仕事のモヤモヤの正体を言葉にして、次の一歩に変える方法

大きな不満があるわけではない。仕事は一応回っているし、人間関係が壊れているわけでもない。評価面談も普通に終わった。それなのに、帰り道や日曜の夜になると、なんとなく晴れない気持ちが胸の底に残っている――仕事のモヤモヤは、こういう「はっきりしない形」でやってきます。

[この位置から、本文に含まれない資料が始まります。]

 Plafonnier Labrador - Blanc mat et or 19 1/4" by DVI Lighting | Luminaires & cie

結論から言えば、仕事のモヤモヤが消えないのは、モヤモヤの正体がまだ言葉になっておらず、対処のしようがない状態になっているからです。モヤモヤの多くは「まだ言葉になっていない違和感」。だからこそ、頭に浮かぶ断片を書き出し、「事実・感情・解釈」に仕分け、質問文に変換する――この手順で正体が見えると、「今できる小さな一歩」に進むか「今は動かないと決める」か、どちらかの判断に落とせるようになります。

私はAIタスク管理アプリ「するたす」を開発・運営しています。本記事では、モヤモヤを気分転換でごまかすのでも、無理にポジティブに考えるのでもなく、言葉にして「扱える形」に変える手順を、開発者の視点から具体的に解説します。

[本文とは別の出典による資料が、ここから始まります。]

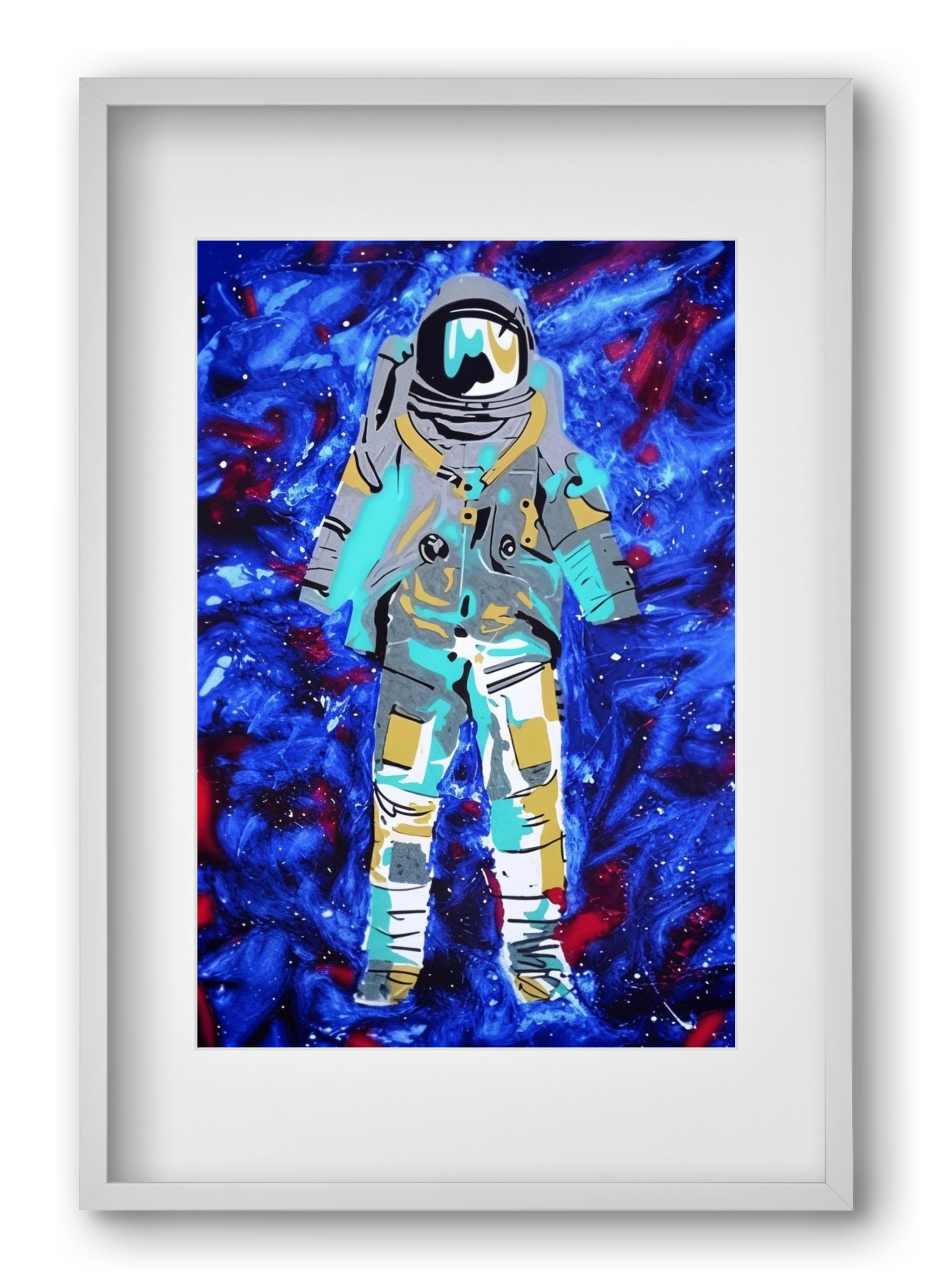 Astronaut, 40x60 cm (30x45 cm), Fehér keret, paszpartuval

気持ちの重さそのものが強くて仕事に向かいにくいときは「仕事の気持ちが重いときの向き合い方」を、頭の中がごちゃごちゃして整理が追いつかない状態の対処は「頭の中が整理できないときの仕組み」を併せてご覧ください。

目次

仕事のモヤモヤが消えないのは「正体が言葉になっていない」から

まず正面からお答えします。「何がモヤモヤしてるの?」と聞かれて、「いや、別に大きな不満があるわけじゃないんだけど……」と言葉に詰まった経験はないでしょうか。モヤモヤが長引いている場面を振り返ると、対象がはっきりしないまま、気持ちだけが残っているという共通点がたいてい見つかります。

だとすれば、消えないのはむしろ当然です。正体がわからないものには、解決策を当てることも、「これは仕方ない」と割り切ることも、諦めるという判断すらもできないからです。

モヤモヤは「まだ言葉になっていない違和感」であることが多い

会議でのちょっとした一言、評価の伝えられ方、ふと目に入った同僚の働き方――違和感を「感じ取る」のは一瞬です。ところが、それを「言葉にする」のには時間がかかります。感じた瞬間には「なんか嫌だな」「なんか引っかかるな」しかなく、言葉が追いつく前に次の仕事が始まる。こうして言葉にならなかった違和感が少しずつ積もっていったものが、私たちが「モヤモヤ」と呼んでいる状態の中身であることが多いのです。

言葉になっていない悩みには、対処のしようがない

悩みは、言葉になって初めて「考える対象」になります。言葉になっていない状態で考えようとすると、考えているつもりでも同じところをぐるぐる回るだけで、結論にも行動にもつながりません。頭の中だけで繰り返し反芻して、疲れだけが残る――思い当たる方は多いはずです。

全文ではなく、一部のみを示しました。